# Outta Here update from Isla Mujeres



## flyliner (Oct 13, 2007)

I just returned Tuesday from two weeks in Isla Mujeres. If you have not had the opportunity to fish there it definately should be on your radar. In December we were just about the only traveling sportfish boat, but now you the marinas are full of custom boats from North Carolina, South Carolina, Texas and a few from Florida, It's pretty impressive.

The dock parties and weather are one thing but the fishing is why its happening. Sailfish, sailfish and more sailfish. We found fish on bait balls, dozens of sails pushing bait to the top and frigates pushing them down from the air. Really beautiful. The open water troll bite is very cool. Last couple days fishing you wouldn't go 15 minutes without a fish, two fish or dozen fish in your spread. We are fishing 30 lb class, dead baits on circle hooks and 60 lb leader. 

Food is good and cheap, beer plentiful if you like Mexican beer, tequila smooth as brandy, and the people are first class. 

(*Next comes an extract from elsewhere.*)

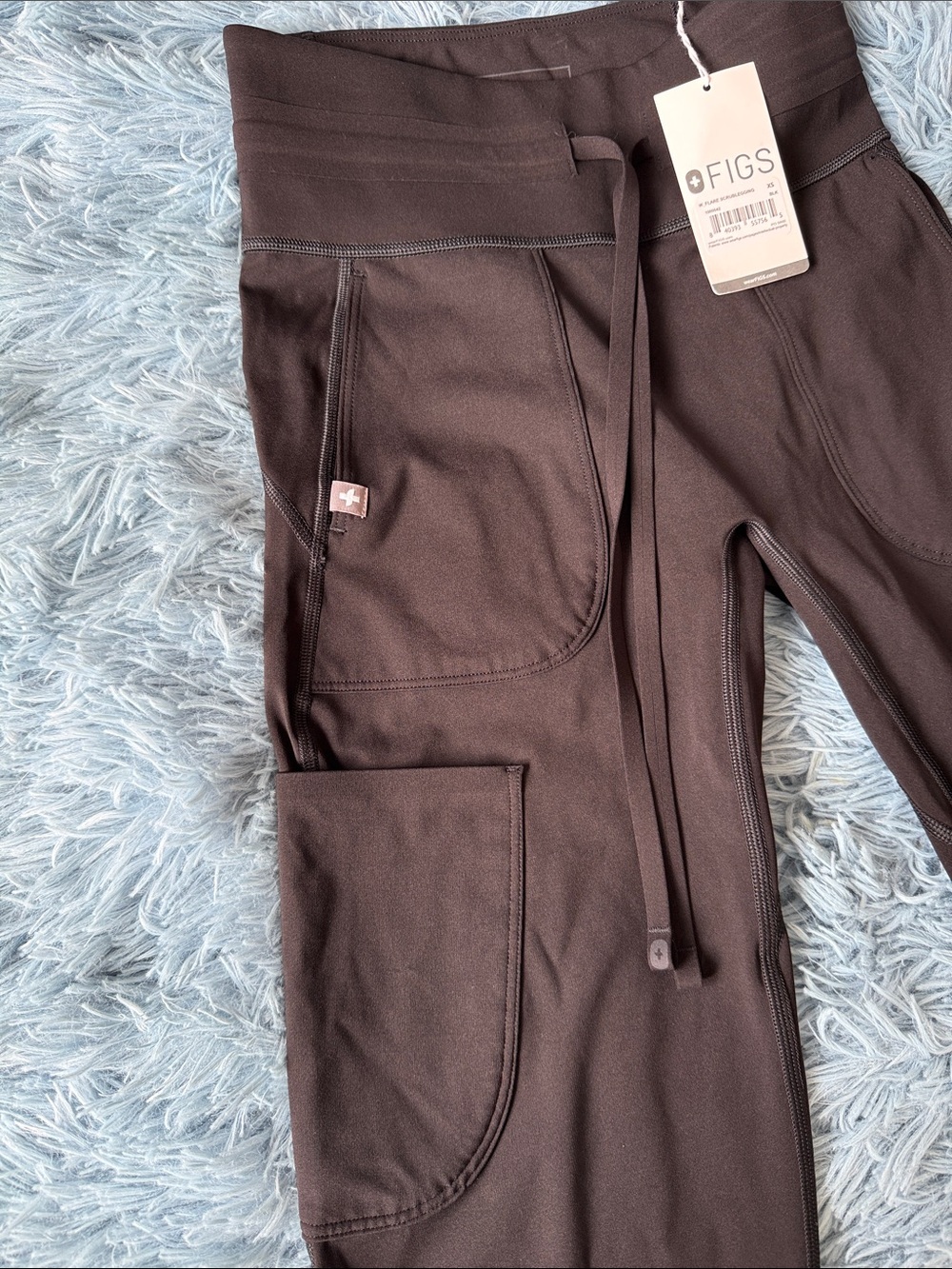 Figs Black Cargo Flare Scrublegging Pants XS NWT - Picture 4 of 9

First from the left, middle and to the right of the middle are three locals from Isla. The owner, chef and bartender of Las Brisas, never fished for sails before but each had a baptism at the dock. In the words of the guy in the middle, esta chingon (#@%& awesome)


----------



## true-king (Oct 2, 2007)

Man, thats awesome :clap


----------



## Xiphius (Oct 10, 2007)

Nice post Patrick, sounds really cool! Are you pitching with the Stella 20000? catch any with the spinner. Bring me back some of that fine aged smoothTequila you talk about.


----------



## offshore64 (Sep 30, 2007)

awesome report


----------